Minimax Estimation of Large Precision Matrices with Bandable Cholesky Factor

TL;DR

This paper develops minimax optimal estimation methods for large precision matrices with bandable Cholesky factors, revealing fundamental differences under operator and Frobenius norms, with practical procedures and theoretical guarantees.

Contribution

It introduces the first minimax theory for bandable precision matrices, proposing new estimation procedures and uncovering norm-dependent fundamental differences.

Findings

Optimal rates of convergence under both norms are established.

Two new estimation procedures are proposed for different norms.

Numerical studies confirm theoretical results.

Abstract

Last decade witnesses significant methodological and theoretical advances in estimating large precision matrices.
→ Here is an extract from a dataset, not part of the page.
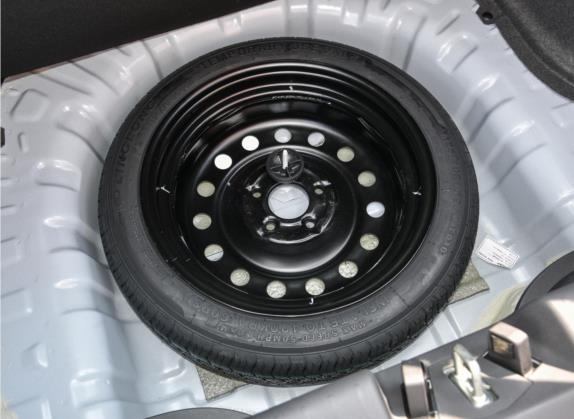 瑞虎3x 2021款 改款 PLUS 1.5L CVT尽兴松子版 其他细节类   备胎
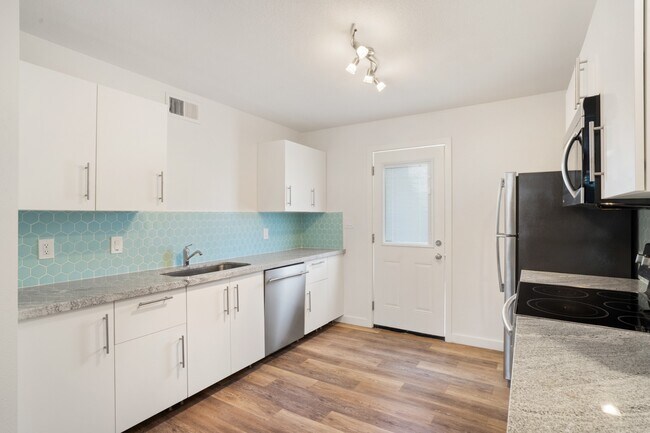 Building Photo - Beautiful 2 bedroom with private backyard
In particular, there are scientific applications such as longitudinal data, meteorology and spectroscopy in which the ordering of the variables can be interpreted through a bandable structure on the Cholesky factor of the precision matrix. However, the minimax theory has still been largely unknown, as opposed to the well established minimax results over the corresponding bandable covariance matrices. In this paper, we focus on two commonly used types of parameter spaces, and develop the optimal rates of convergence under both the operator norm and the Frobenius norm. A striking phenomenon is found: two types of parameter spaces are fundamentally different under the operator norm but enjoy the same rate optimality under the Frobenius norm, which is in sharp contrast to the equivalence of corresponding two types of bandable covariance matrices under both norms. This fundamental difference is established by carefully constructing the corresponding minimax lower bounds. Two new estimation procedures are developed: for the operator norm, our optimal procedure is based on a novel local cropping estimator targeting on all principle submatrices of the precision matrix while for the Frobenius norm, our optimal procedure relies on a delicate regression-based thresholding rule. Lepski's method is considered to achieve optimal adaptation. We further establish rate optimality in the nonparanormal model. Numerical studies are carried out to confirm our theoretical findings.